Valentin de Boulogne. David et Goliath (1616) © Museo Thyssen-Bornemisza, Madrid
Comme ses contemporains Ribera et Manfredi, Valentin de Boulogne est réputé pour ses étonnants tableaux baignant dans de forts contrastes d’ombres et de lumière. D’emblée, l’étrangeté de sa peinture frappe nos yeux par son climat réaliste entre chien et loup, un penchant certain pour le morbide [dans Le martyre de saint Barthélémy (1615), un bourreau écorche un vieil homme ; dans David et Goliath (1616), une tête coupée du géant gît comme trophée], le goût pour les motifs mythologiques et religieux ainsi que par une stylisation imprégnée de modernité. L’on connaît peu la vie de cet artiste marginal, bien éloigné des codes classiques de compatriotes comme Poussin et Vouet.
Valentin de Boulogne. Christ et la femme adultère.
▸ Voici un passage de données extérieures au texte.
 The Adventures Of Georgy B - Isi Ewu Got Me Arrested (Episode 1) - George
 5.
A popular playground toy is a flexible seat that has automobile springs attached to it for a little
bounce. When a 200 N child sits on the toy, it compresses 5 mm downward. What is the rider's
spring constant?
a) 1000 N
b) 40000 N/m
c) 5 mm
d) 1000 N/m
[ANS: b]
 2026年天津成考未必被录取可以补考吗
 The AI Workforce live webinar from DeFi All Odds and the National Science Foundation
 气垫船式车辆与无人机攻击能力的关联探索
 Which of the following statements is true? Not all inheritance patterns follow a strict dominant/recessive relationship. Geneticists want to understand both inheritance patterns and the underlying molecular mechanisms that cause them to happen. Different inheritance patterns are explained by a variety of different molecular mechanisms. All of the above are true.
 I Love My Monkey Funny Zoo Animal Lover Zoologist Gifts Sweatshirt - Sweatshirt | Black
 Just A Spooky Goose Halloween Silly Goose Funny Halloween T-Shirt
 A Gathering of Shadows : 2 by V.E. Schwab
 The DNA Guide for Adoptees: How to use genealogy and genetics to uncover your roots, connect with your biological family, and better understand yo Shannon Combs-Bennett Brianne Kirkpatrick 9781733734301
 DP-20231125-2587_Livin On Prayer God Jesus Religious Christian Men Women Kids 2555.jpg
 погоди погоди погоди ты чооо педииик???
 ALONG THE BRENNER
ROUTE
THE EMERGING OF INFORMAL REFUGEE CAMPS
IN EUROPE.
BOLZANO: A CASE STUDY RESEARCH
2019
J. Paul Getty Museum LA © J. Paul Getty Museum, Los Angeles
Ce fils de peintre-verrier eut davantage d’affinités avec les expérimentations autrement aventureuses d’un Caravage. A Rome il mène une vie dissolue, côtoyant la fantasque compagnie des « Bentvueghels », un groupe fêtard de jeunes artistes originaires des Pays-Bas. Protégé par de puissants mécènes romains, il n’aura d’ailleurs guère le temps de profiter de sa fraîche gloire. A 41 ans il est emporté par une violente fièvre à la suite d’une soirée de beuverie. Cette première rétrospective consacrée à Valentin nous fait découvrir un peintre qui fut longtemps éclipsé par Georges de La Tour (1593-1652), autre génial metteur en scène de savants effets de lumière. A travers le clair-obscur des tableaux allégoriques de Valentin, ce dernier nous laisse subtilement deviner la psychologie de personnages à la fois simples et complexes. Comme Le Caravage, Valentin privilégiait pour modèles des marginaux.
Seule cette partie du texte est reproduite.